Royals Reacts Results: Blame the roster construction

By admin — In News — July 3, 2026

   ​On June 27, 2026 in Chicago, Illinois, USA, Chicago White Sox shortstop Colson Montgomery (12) slides into third base against Kansas City Royals third baseman Nick Loftin (12) during the ninth inning at Guaranteed Rate Field. Credit: Patrick Gorski-Imagn Images. Welcome to SB Nation Reacts, a cross-MLB fan survey. Throughout the year, we poll the most engaged Royals fans and fans nationwide. Sign up to receive the weekly emailed surveys. Earlier this week, we asked who most deserves the blame for the Royals becoming the AL’s worst team by the halfway mark. The results are intriguing. The plurality blames roster construction, though it’s one of the smallest pluralities I’ve seen at 37%. Poor management earned 27%, poor coaching 23%, and the players 13%. It’s not surprising that management is high, but even when separating coaching from managing, many still hold the coaching and other on-field issues as greater problems than lineup decisions or bullpen usage. It was close, but many still pin some responsibility on Matt Quatraro. I’ve argued before, and I’ll say again: you can’t fault a manager for bad bullpen decisions when there aren’t good ones to make. Yet lineup issues remain a major frustration. I understand missing projected starters, but Salvador Perez batting fifth or sixth every night despite a .568 OPS is hard to comprehend. I share the majority view that roster construction is the Royals’ biggest downfall in 2026, but I suspect that ownership, specifically John Sherman and the ownership group, should shoulder more of the blame than GM J.J. Picollo.

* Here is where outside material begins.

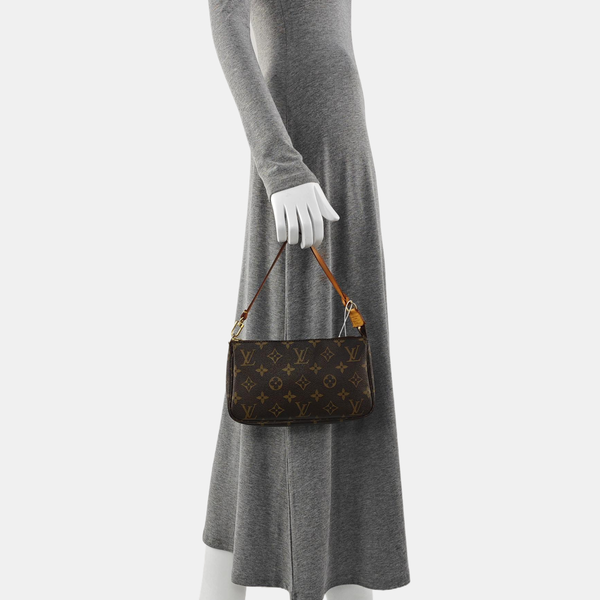 ACCESSOIRES Monogram Coated Canvas Brown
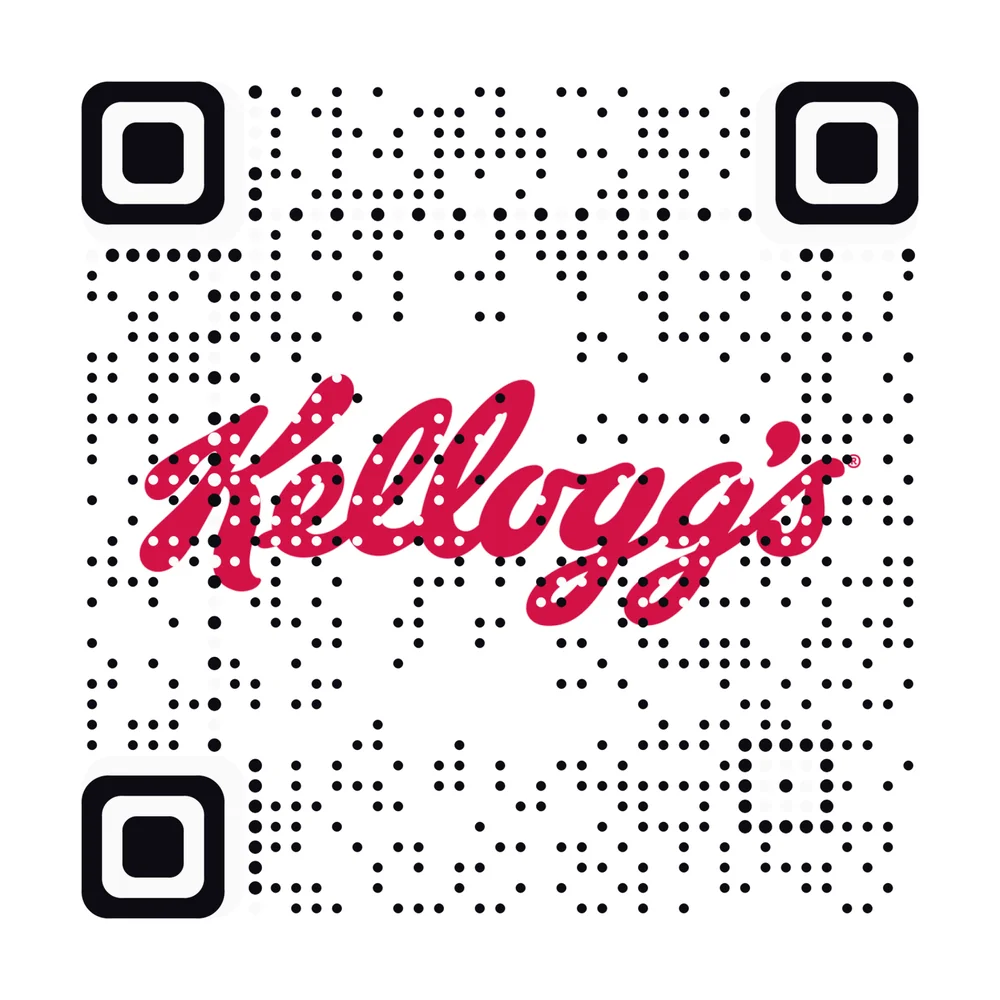 Kellogg's logo as an AriaQR code (demonstration)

The Royals made only two major-league free-agent signings before the season, adding Lane Thomas and Starling Marte, and also made trades for Nick Mears, Isaac Collins, and Matt Strahm. Obviously, the trades haven’t paid off as hoped. It’s worth noting that Collins has posted an OBP above .330 in every month this year; if the 2025 Royals had had an outfielder performing at that level last season, they might have reached the postseason. Free-agent signings have been decent given their cost, totaling about $6 million, with Thomas currently slumping while starting nearly every day since Kyle Isbel’s injury, yet contributing roughly half a WAR, and Marte providing comparable value at a fifth of the cost. The challenge remains that the Royals had only $7 to work with.